We accept moves that seemingly take us away from a desirable solution to allow the system to escape from a local minimum and find other, better, solutions. The name for this strategy is hill climbing. As the temperature is slowly decreased, we decrease the probability of making moves that increase the energy function. Finally, as the temperature approaches zero, we refuse to make any moves that increase the energy of the system and the system falls and comes to rest at the nearest local minimum. Hopefully, the solution that corresponds to the minimum we have found is a good one.

The critical parameter governing the behavior of the simulated-annealing algorithm is the rate at which the temperature T is reduced. This rate is known as the cooling schedule. Often we set a parameter a that relates the temperatures, T i and T i + 1 , at the i th and i + 1th iteration:

 T i +1 = a T i . (15.22)

To find a good solution, a local minimum close to the global minimum, requires a high initial temperature and a slow cooling schedule. This results in many trial moves and very long computer run times [ Rose, Klebsch, and Wolf, 1990]. If we are prepared to wait a long time (forever in the worst case), simulated annealing is useful because we can guarantee that we can find the optimum solution. Simulated annealing is useful in several of the ASIC construction steps and we shall return to it in Section 16.2.7.

## 15.7.9 Other Partitioning Objectives

In partitioning a real system we need to weight each logic cell according to its area in order to control the total areas of each ASIC. This can be done if the area of each logic cell can either be calculated or estimated. This is usually done as part of floorplanning, so we may need to return to partitioning after floorplanning.
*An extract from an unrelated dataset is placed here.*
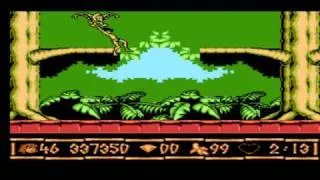 Jungle Book NES Walkthrough - Level 10 + End Credits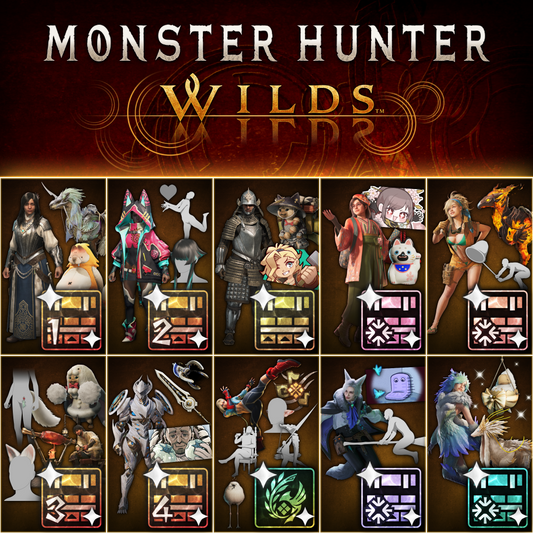 Monster Hunter Wilds Cosmetic DLC Collection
There will be many objectives or constraints that we need to take into account during partitioning. For example, certain logic cells in a system may need to be located on the same ASIC in order to avoid adding the delay of any external interconnections. These timing constraints can be implemented by adding weights to nets to make them more important than others. Some logic cells may consume more power than others and you may need to add power constraints to avoid exceeding the power-handling capability of a single ASIC. It is difficult, though, to assign more than rough estimates of power consumption for each logic cell at the system planning stage, before any simulation has been completed. Certain logic cells may only be available in a certain technology—if you want to include memory on an ASIC, for example. In this case, technology constraints will keep together logic cells requiring similar technologies. We probably want to impose cost constraints to implement certain logic cells in the lowest cost technology available or to keep ASICs below a certain size in order to use a low-cost package. The type of test strategy you adopt will also affect the partitioning of logic. Large RAM blocks may require BIST circuitry; large amounts of sequential logic may require scan testing, possibly with a boundary-scan interface. One of the objects of testability is to maintain controllability and observability of logic inside each ASIC. In order to do this, test constraints may require that we force certain connections to be external. No automated partitioning tools can take into account all of these constraints. The best CAD tool to help you with these decisions is a spreadsheet.